You can also partially differentiate implicitly! How you know which to perform should be clear from the question. If both subjects are being covered simultaneously, I wouldn't hesitate to clarify with the professor whether or not y is a function of x.

Lastly as y is depending on x in the above equations so we wont treat x as a constant right?

Edited: "Differentiate wrt y" in my mind says find d/dy of each term in your equation, treating x as constant. I would clarify what is being asked.

 

[hamza4best]

You can also partially differentiate implicitly! How you know which to perform should be clear from the question. If both subjects are being covered simultaneously, I wouldn't hesitate to clarify with the professor whether or not y is a function of x.

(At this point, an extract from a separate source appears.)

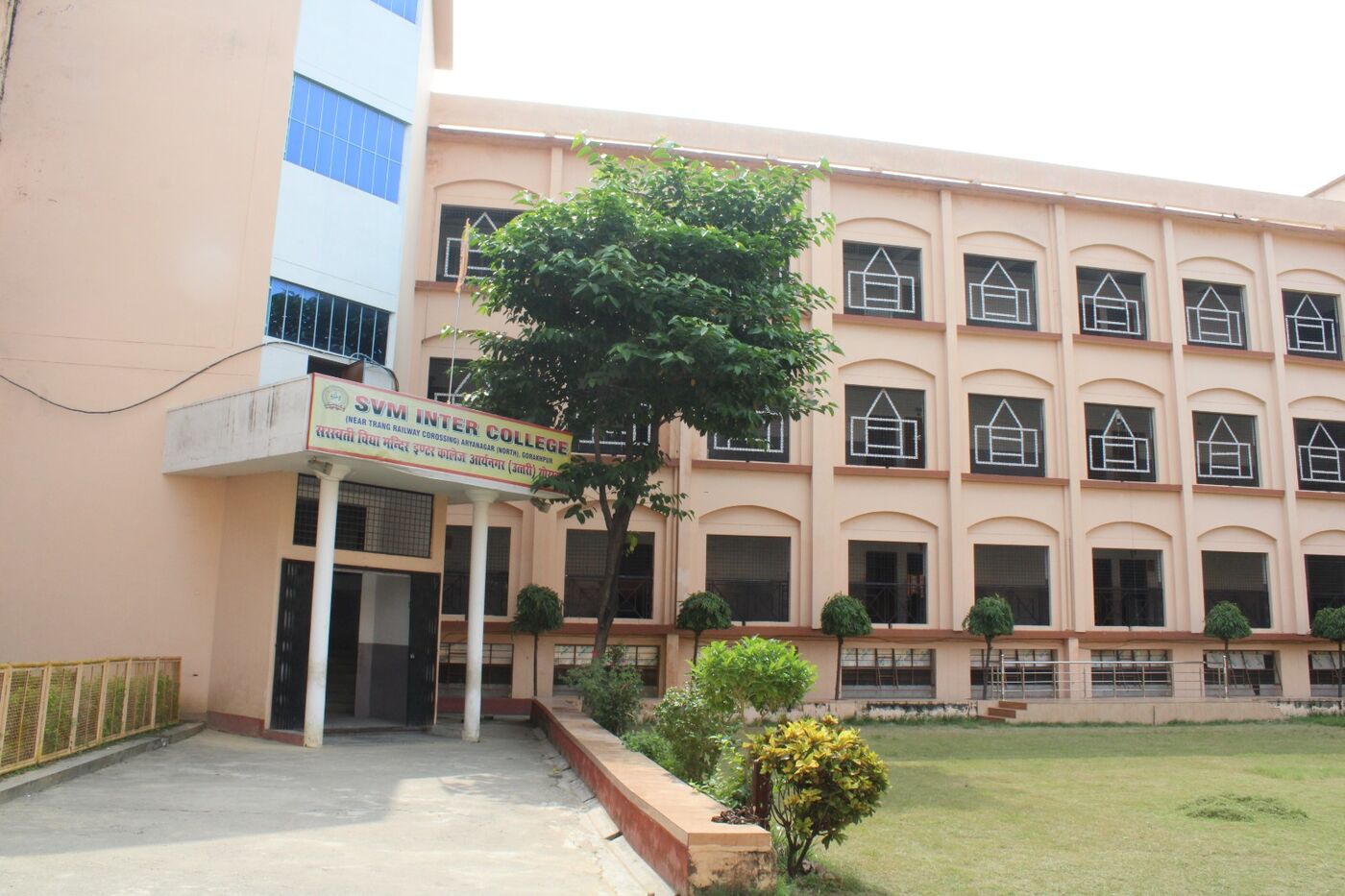 Front entrance block of SVM Inter College with the name board and a shade tree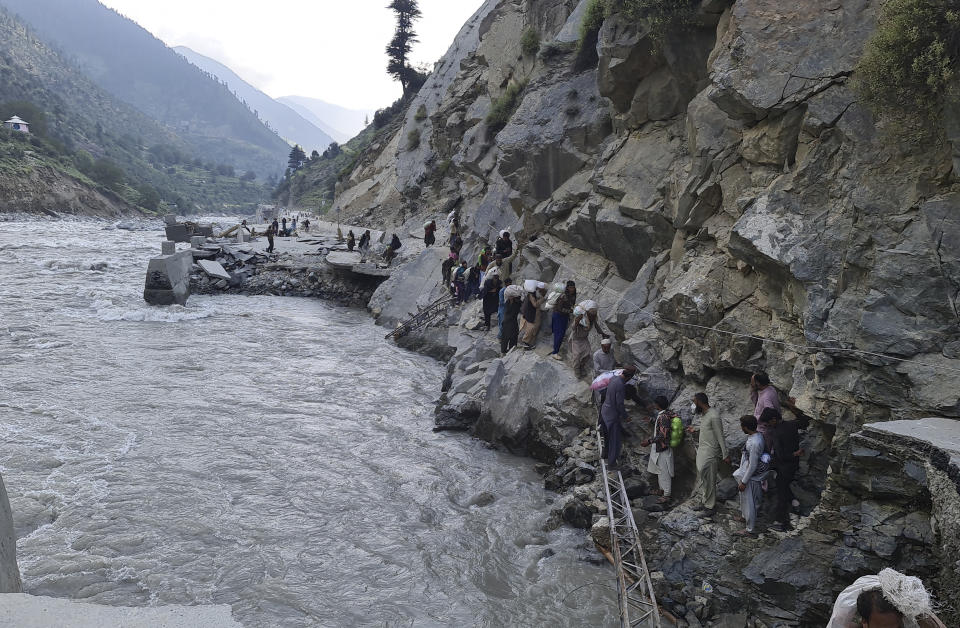 Local residents cross a portion of road destroyed by floodwaters in Kalam Valley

Right. You will need to treat y as a function of x, and be careful to use product/quotient rules when you see terms like xy, x^2/y^3, etc.[/QUOTE

We haven't learnt to partially differentiate implicitly up till now.The professor wanted us to figure that out by ourselves thats why its a bit confusing

 

[daon2]

I edited my post. After rereading your question I feel it is asking for you to differentiate both sides with respect to y. That is, treat each side as only functions of y.

 

[hamza4best]

I edited my post. After rereading your question I feel it is asking for you to differentiate both sides with respect to y. That is, treat each side as only functions of y.

then doesn't it mean that we're using partial differentiation to solve it then? as we're keeping x constant?
How do you figure that out which differentiation to use?

 

[daon2]

then doesn't it mean that we're using partial differentiation to solve it then? as we're keeping x constant?
How do you figure that out which differentiation to use?

You are not asked to find a derivative. That is, you are not asked to find "dy/dx" or "dx/dy." You have been handed an equation and asked to differentiate with respect to y. If you want to treat x as a function of y you may do so (but I see no indication that is wanted), with added work.

For example: say we want to differentiate xy = y^2 with respect to y. Assume that x is a function of y. You'll get dx/dy*y + x = 2y.

If x and y are truly unrelated quantities, then dx/dy = 0 simplifying your equation to x=2y, what you'd get for taking the partial derivative.

So again, without further confirmation that one of x or y is dependent on the other, it looks like only partial differentiation is requested.

 

[hamza4best]

You are not asked to find a derivative. That is, you are not asked to find "dy/dx" or "dx/dy." You have been handed an equation and asked to differentiate with respect to y. If you want to treat x as a function of y you may do so (but I see no indication that is wanted), with added work.

For example: say we want to differentiate xy = y^2 with respect to y. Assume that x is a function of y. You'll get dx/dy*y + x = 2y.

If x and y are truly unrelated quantities, then dx/dy = 0 simplifying your equation to x=2y, what you'd get for taking the partial derivative.

So again, without further confirmation that one of x or y is dependent on the other, it looks like only partial differentiation is requested.

I get what you mean now..But I thought when we're given an equation(not a function) then we always do implicit differentiation as x and y are mixed together and y is not explicit
And in partial differentiation we're always given a function like z=x^4+y^4

 

[daon2]

I get what you mean now..But I thought when we're given an equation(not a function) then we always do implicit differentiation as x and y are mixed together and y is not explicit
And in partial differentiation we're always given a function like z=x^4+y^4

The two are not mutually exclusive. If you are given a function of two independent variables: z=x^4+y^4, then there is no need for implicit differentiation to find, for example, \(\displaystyle \partial z/ \partial x\).

If instead you were told that z is a function of independent variables x and y and are asked to find \(\displaystyle \partial z/ \partial x\) for \(\displaystyle cos(z^2x)=xy^2\) then you will need to apply the partial derivative operator \(\displaystyle \partial/\partial x\) implicitly and solve for \(\displaystyle \partial z/\partial x\).